Serat Darmo Gandul pun memuat pesan-pesan bijak tentang cara bagi setiap orang untuk menjaga kehormatan, berperilaku baik dalam masyarakat dan memegang teguh ajaran dan tuntunan spiritual agar dapat hidup selaras dengan alam semesta dan Sang Pencipta.
Itulah sebabnya, pejabat yang korup, khianat, menyeleweng dan menyalahgunakan wewenang serta jabatan maupun kekuasaannya, jelas dan pasti tidak pernah membaca — apalagi hendak menghayati — tuntunan dari kitab Darmo Gandul yang masih acap dianggap klenik yang juga dianggap dapat menyesatkan siapa saja yang membaca serta tersebut.
Padahal, banyak mutiara hikmah yang terdapat di dalam berbagai kitab peninggalan leluhur suku bangsa Nusantara ini yang belum dipetik dan dinikmati manfaatnya.

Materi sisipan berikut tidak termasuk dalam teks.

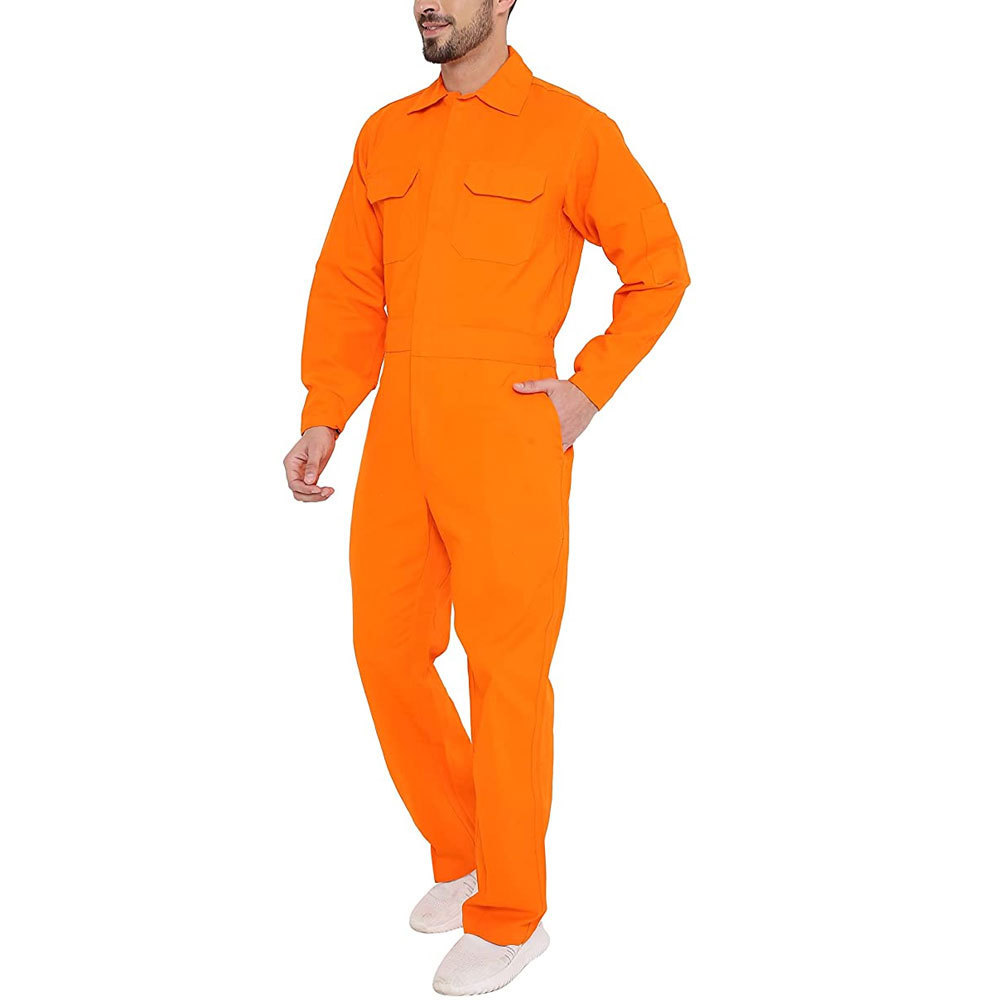 Construction fire retardant Coverall Cotton Flame Retardant Overalls Flame-Resistant Lightweight Coverall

Persis seperti Kitab Ila Galigo dari Suku Bangsa Sulawesi Selatan yang sangat kaya mengandung ilmu pengetahuan yang belum mampu dimanfaatkan nilai-nilai filosofis yang menempatkan norma sosial sebagai penakar kehormatan dan harga diri manusia yang mulia.
Dunia atas (penguasa jagat raya), dunia tengah (manusia) dan dunia bawah (roh) sebagai landasan hidup yang religius dan harmoni.
Begitu juga dengan kearifan lokal yang menjadi prinsip dasar suku bangsa Minangkabau dalam hidup bermasyarakat, berpegang kuat pada tuntunan dan ajaran agama, seperti Sarak Basandi Kitabullah, sebagai filsafat hidup yang bersandar pada Al Qur’an.
Sehingga adat, hukum serta tatanan sosial dan budaya harus selaras dan sejalan dengan syariat Islam. Sebab kekayaan energi milik bangsa dan negara Indonesia tidak cuma listrik, bukan pula sebatas sumber daya mineral.
Tetapi energi yang ada dalam kearifan lokal yang tak tertanam di dalam perut bumi, tetapi Bertebar dalam bentuk kekayaan kepustakaan masa lampau yang kini diabaikan itu.
Begitulah tatanan harmoni yang terkandung dalam budaya suku bangsa Nusantara, nilai-nilai kearifan lokal patut dieksploitasi dan dieksplorasi lebih banyak ketimbang sumber energi yang ada di perut bumi.
Seperti sumber daya mineral yang mengumbar ketamakan dan kerakusan hingga membuat kegaduhan serta kecemasan akibat abai pada tatanan harmoni lingkungan serta kepentingan warga masyarakat setempat.
Begitulah ideologi kapitalisme — duniawi — telah mengubur nilai-nilai warisan para leluhur para leluhur suku bangsa Nusantara yang idealis, filosofis yang sesungguhnya tidak materialistik.